While I was focused on the concert, I didn't notice that another virtual orchestra video was released that I recorded a track for. There was a production backlog for a while because life got in the way for some of the people who do the mixing. It's finally getting cleared, with a whole bunch of virtual performances being released in October. So this is actually something I recorded for back in January, finally out now.
This is the first movement of the Serenade in D major, Op. 36, by the early 20th century Czech composer Vítězslav Novák.
I haven't recorded anything for virtual orchestras since the Boulanger piece I posted earlier, but I do have plans to record a couple more tracks this month for projects that are relatively low effort for me because I played the pieces recently: Uranus from Holst's Planets, which I played in June, and the first movement of Brahms's 4th Symphony, which I played in September.
The project that I'm planning to host, Nepomuceno's overture to O Garatuja, is on hold until my brain is less foggy.
Oh, one more thing: this week I discovered (via YouTube) a viola sonata I hadn't been aware of, and it's going in the queue of pieces to learn eventually.
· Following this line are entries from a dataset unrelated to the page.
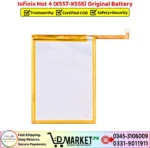 Infinix Hot 4 X557-X556 Original Battery - Image 2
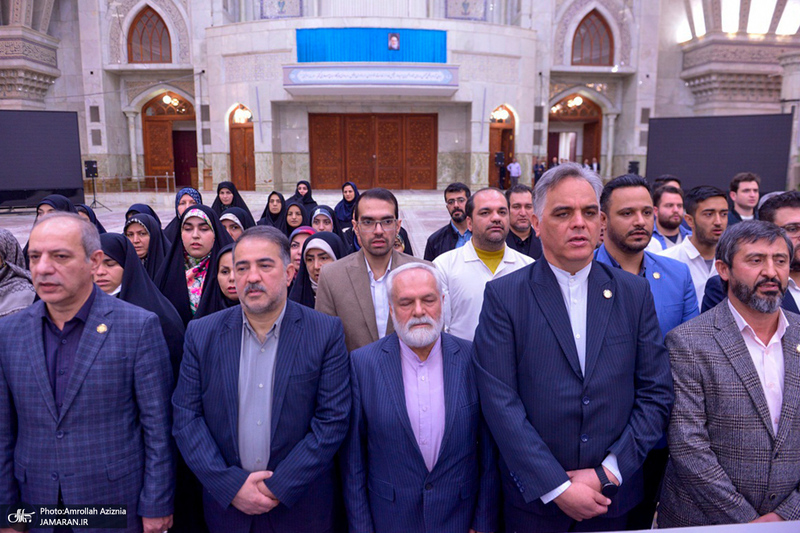 تجدید میثاق جامعه پرستاری با آرمان های حضرت امام خمینی (س)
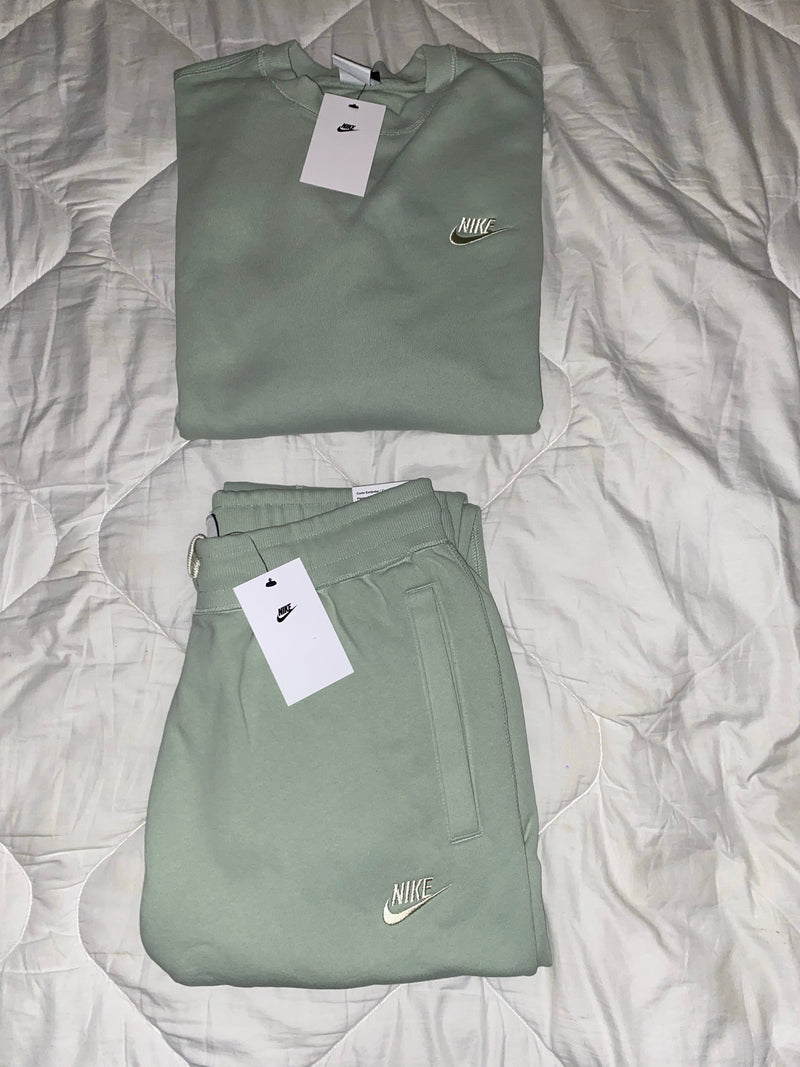 Ensemble Nike tech fleece menthe 🌱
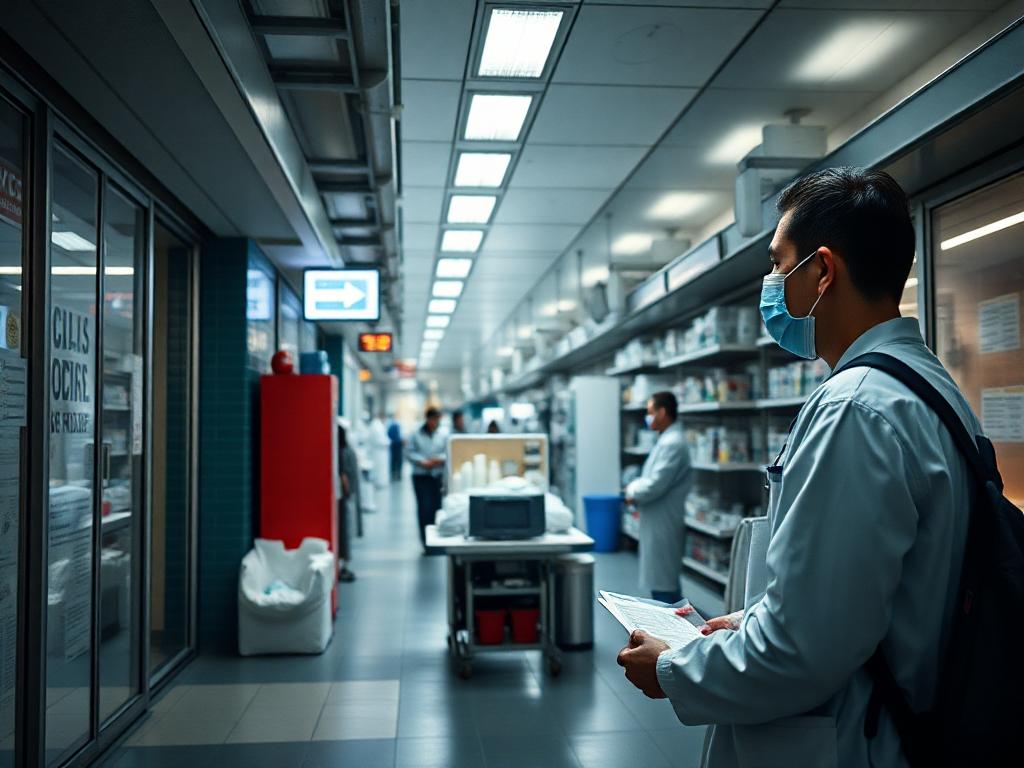 Pénurie de médicaments : situation critique en ville et à Des spécialités américaines à la rescousse et deux distributions contingentées.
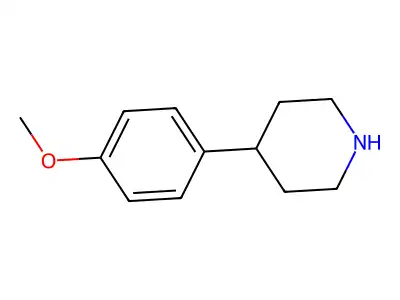 4-(4-Methylphenyl)piperidine structure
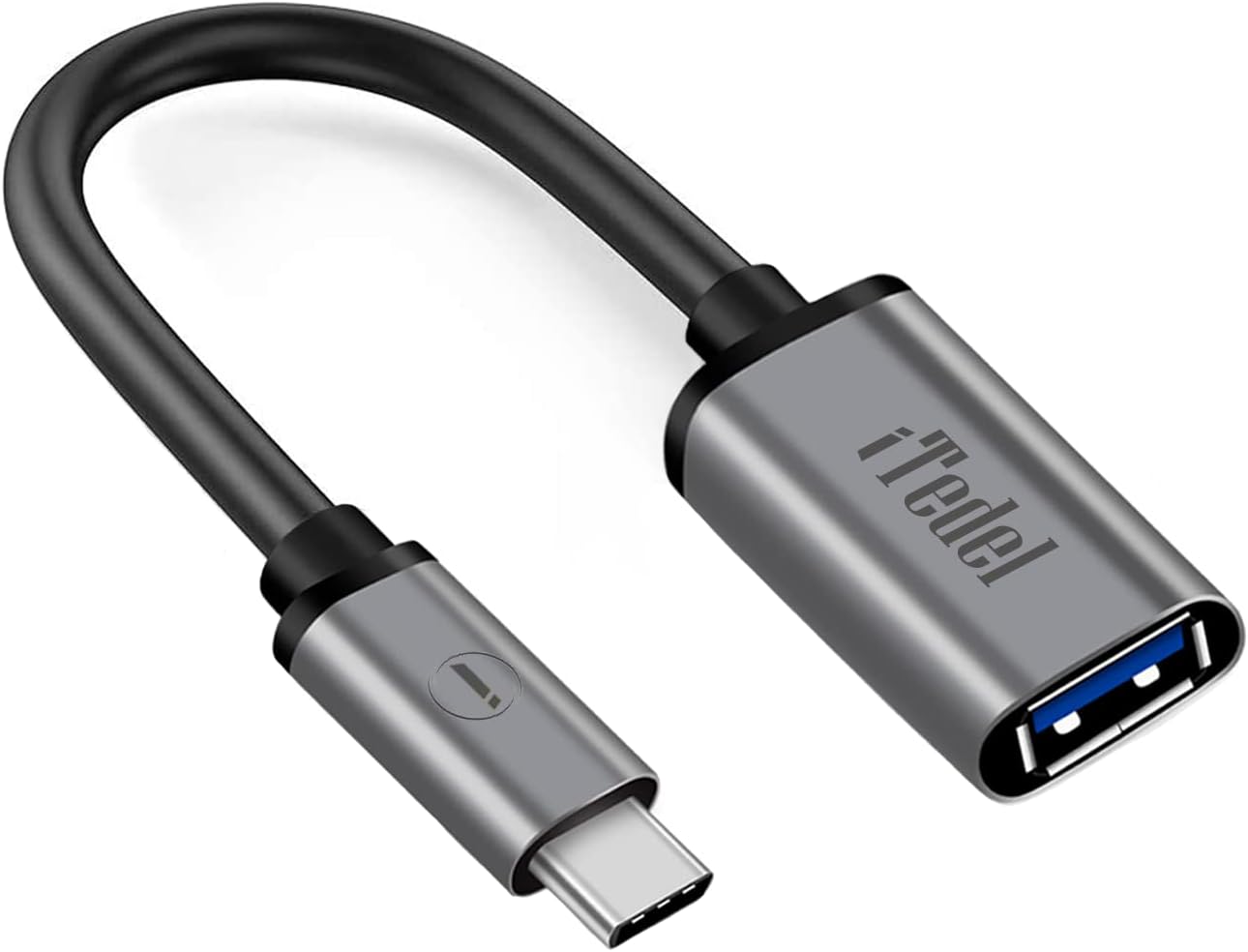 iTedel USB C Male to USB A 3.0 Female OTG 0.2M Adapter 3A 5Gbps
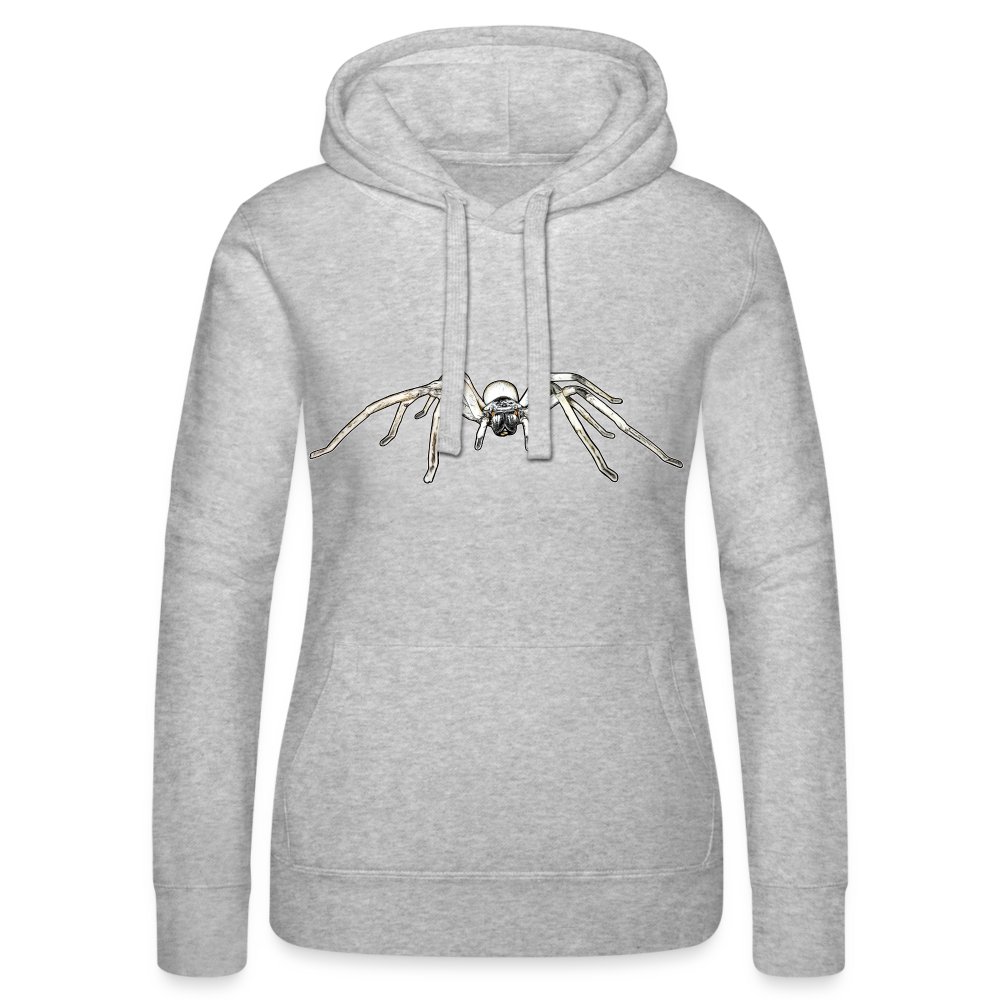 Frauen Russell Kapuzen Sweater Cerbalus negebensis - Grau meliert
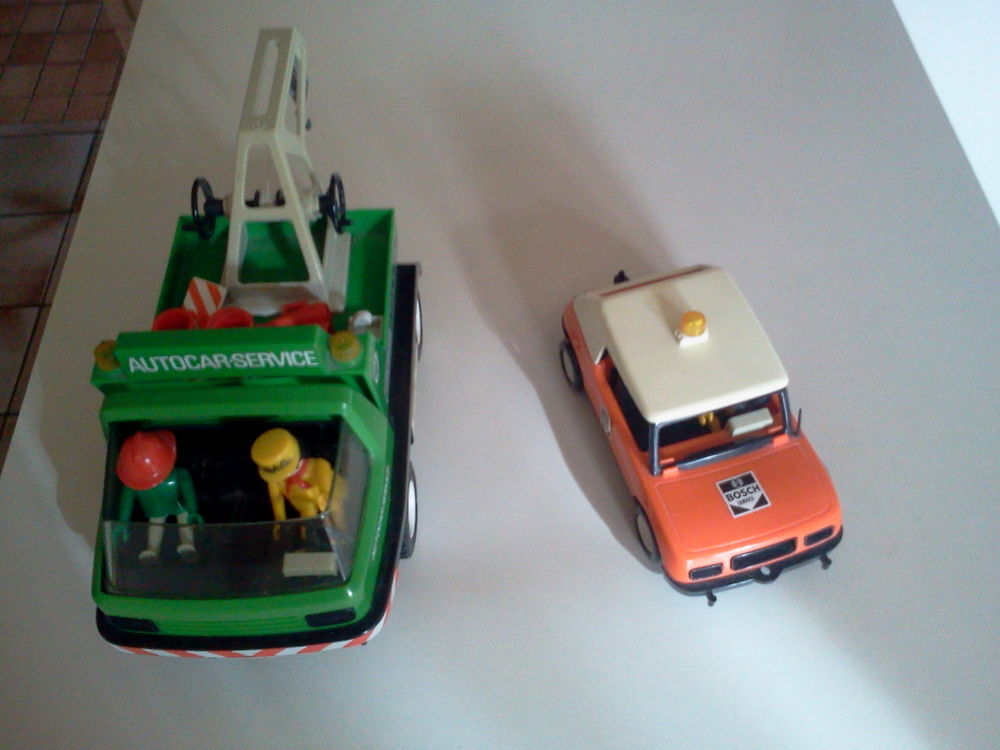 Univers "Travaux publics" de Playmobil. Jeux / jouets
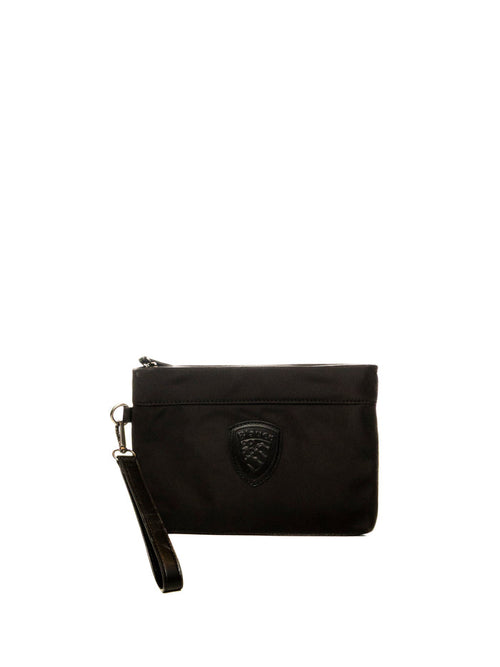 BLAUER borsa a mano nera PIATNYL01 NYLON-BLACK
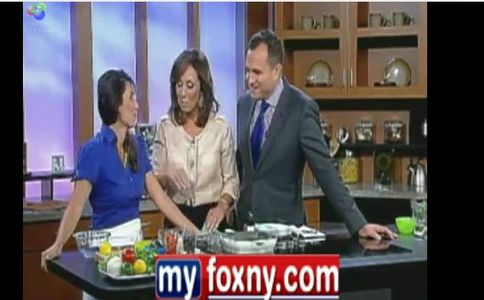 Gina Keatley, a Certified Dietitian-Nutritionist, can now be seen preforming nationwide culinary and nutritional on-air 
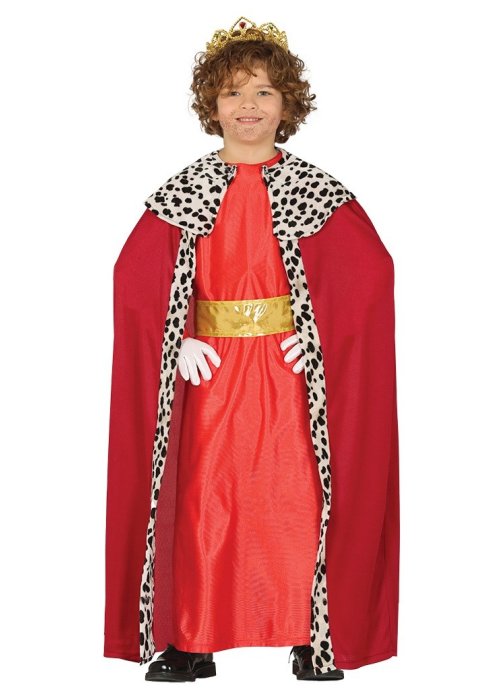 Vestit de Rei Mag Vermell Nen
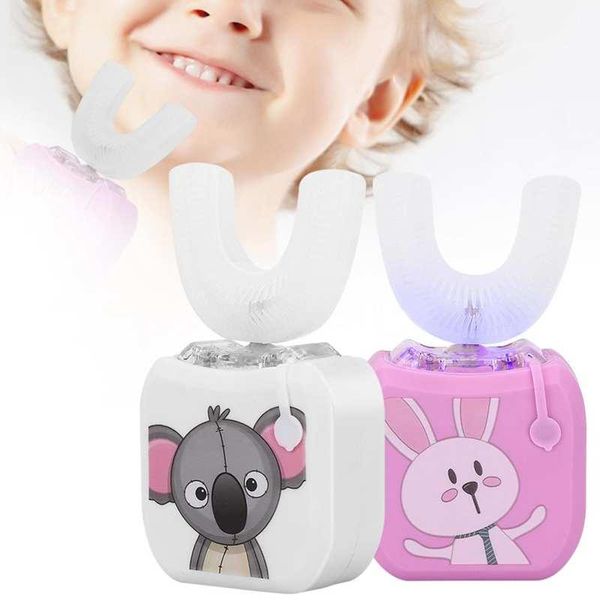 children cartoon electric toothbrush intelligent u-shaped sonic oral care tool teeth cleaning whitening brush for kid smart
children cartoon electric toothbrush intelligent u-shaped sonic oral care tool teeth cleaning whitening brush for kid smart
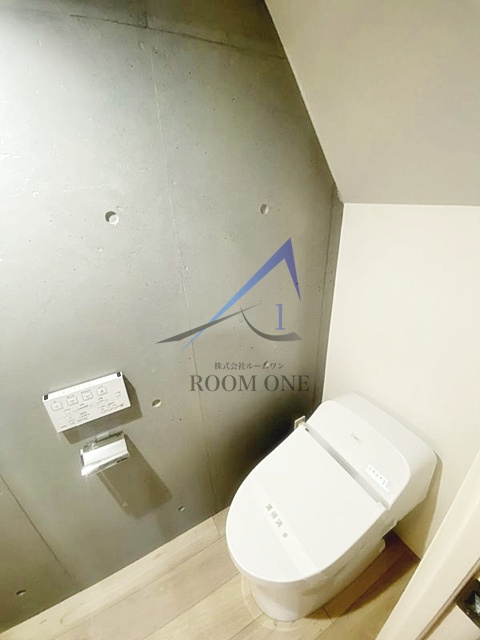 ヴァンテジオ目黒unoのトイレ|トイレです。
I've already gone to IMSLP and printed the viola part. It's so obscure that a search for posts in all the Facebook viola groups I'm in didn't turn up a single mention of it, which is strange given how sparse the Romantic viola repertoire is. Seeing as Brahms is my favorite composer, and Ludvig Norman had exactly the same influences as Brahms and was associated with some of the same people, it's probably not surprising that I'd like his work.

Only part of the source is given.